4. So, in a great leap of reasoning, HC says that the seven days Noah's family waited in the Ark should be multiplied times one thousand years to predict the end of the world.
5. May 21, 2011, is (according to HC) 7,000 years to the day after the flood waters started pouring down on the earth.

See? It all makes sense. NOT.

Camping dealt with the whole idea that Jesus said we couldn't know. He said that applied only up until 1988, when the era of the church came to an end. I could find no reasonable explanation why he thought this to be the case.

What this sad ordeal all comes down to is this. When you read the Bible, don't read your own desires and interpretations into it. Scholars call this "eisegesis" which means, literally, that you read your own truth into the text. Responsible Bible interpretation is called "exegesis" and this means reading out of the text what it means. So what does the Bible repeatedly say about trying to predict the end of the world? DON'T DO IT.

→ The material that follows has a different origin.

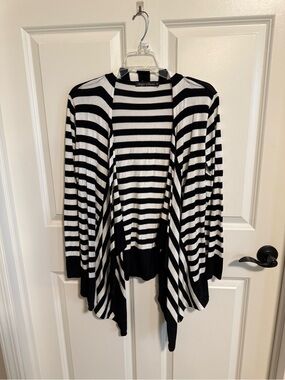 Striped Open-Front Cardigan Sweater in Black and White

This applies to many other areas as well. What does the Bible repeatedly say about, for example, debt? It's dangerous and will get you into trouble. Yet we think our credit card or our home equity line of credit is a gift from the bank to us. Why don't we read our Bibles and say, "Oh, God already spoke to this. His word clearly says this 'gift' of debt is going to get me in trouble. I'll trust him on this one."

There are so many questions these days where we choose to make our own decisions because it makes sense to us rather than submitting to what God says is true. Sometimes this is just ignorance, like the guy who told me the other day he's a pretty good person and has done his best to live in a way that pleases God, so he thinks if this rapture thing really does happen that God will be good to him. I don't think he knew how unbiblical his position was.

Sadly, others who really should know better choose to go with what makes sense to them rather than what God teaches in his word. This happens most often when our culture has chosen to go its own way and leave biblical truth behind. (Accumulation of goods -- homes, toys, cars, land, wealth of all kinds, is one example among many in which our culture pursues its own "truth" in opposition to the Bible. There are lots of others.) In this case, there are all kinds of sources of information and "wisdom" coming from the voices of the culture that sound reasonable, so we choose to listen to them instead of the Bible. We tell ourselves, "This is just the way life is." And because it makes sense to us, we merrily follow the culture and we bit-by-bit walk away from God's word.